Creating a motorcycle which Kawasaki claim will be “Built Beyond Belief”, the firm has not explicitly said that it will use the supercharged four-cylinder motor, but the language used in their teasing announcement is identical to that used a year ago when the engine concept was revealed.
The statement reads, “Drawing on skills and experience from experts within not just the company’s motorcycle division but across its aerospace, gas turbine and other high-technology contemporary manufacturing disciplines as well, Kawasaki is anticipating huge international interest in the project that has evocatively been christened Ninja H2.”
Spirit of the seventies
While two-stroke addicts will doubtless be wild with anticipation at the thought of a new 750cc Mach IV H2, there are too many clues to refute any likelihood that this will be anything other than a 4-stroke. Kawasaki goes on to reference the 500cc three-cylinder H1, but also the equally iconic 903cc Z1 Super Four. There’s also no chance that this will be a continuation of the firm’s long association with naked hedonism, either. The firm clearly states that this will be a Ninja, which means that it’ll be a faired sportsbike, and the first of a series of teaser videos, which is online at www.ninja-h2.com, adds further weight to this being a fully-faired sportsbike.

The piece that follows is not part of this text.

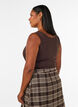Top Basic ajust&eacute; en tissu lisse, Marron, Model image number 2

The bikes referenced by the firm cover a range of capacities, from 500 to 900cc, but if we had to make a bet, we’d put our money on the capacity being more like 1000cc, and using the variably geared supercharger, as detailed in the firm’s patents we revealed last year. The patent clearly reveals that the “supercharger drive device for a combustion engine includes a gear carrier shaft operable to rotate in unison with a crankshaft of the combustion engine, a high speed gear and a low speed gear… and a shifter drive unit for actuating the gear shifter in dependence on the rotational speed of the combustion engine.”
It’s a real bike
This is no J concept (the futuristic four-wheeled shape-changing scooter concept also shown at the Tokyo show last year), either. All the language used by Kawasaki points to this being a genuine new model in the line-up, and as Mr Shigehiko Kiyama said at the Tokyo show last year: “Kawasaki Heavy Industries has a long history of developing technologies for turbine engines. Know-how from years of designing turbine engine blades was instilled in the first supercharger developed by a motorcycle manufacturer. And of course, designing a motorcycle-use supercharged engine in-house means that maximum efficiency could be pursued.”
So where will it fit in?
Even if this new Ninja does arrive as a 1000cc supercharged sportsbike, there’s no chance that it will be an intended direct replacement for the current ZX-10R Ninja. Just like the ‘cheating’ 636cc ZX-6R Ninjas, which fell foul of capacity rules for supersport racing leading to two versions being produced simultaneously, Kawasaki would have to continue producing a normally aspirated ZX-10R for superbike racing. If you’re going to make two versions of a bike, you might as well make them different, and Kawasaki bosses have previously stated that there’s no point in making bikes in competition to your own existing range, so this new Ninja is certain to offer buyers a significantly different proposition.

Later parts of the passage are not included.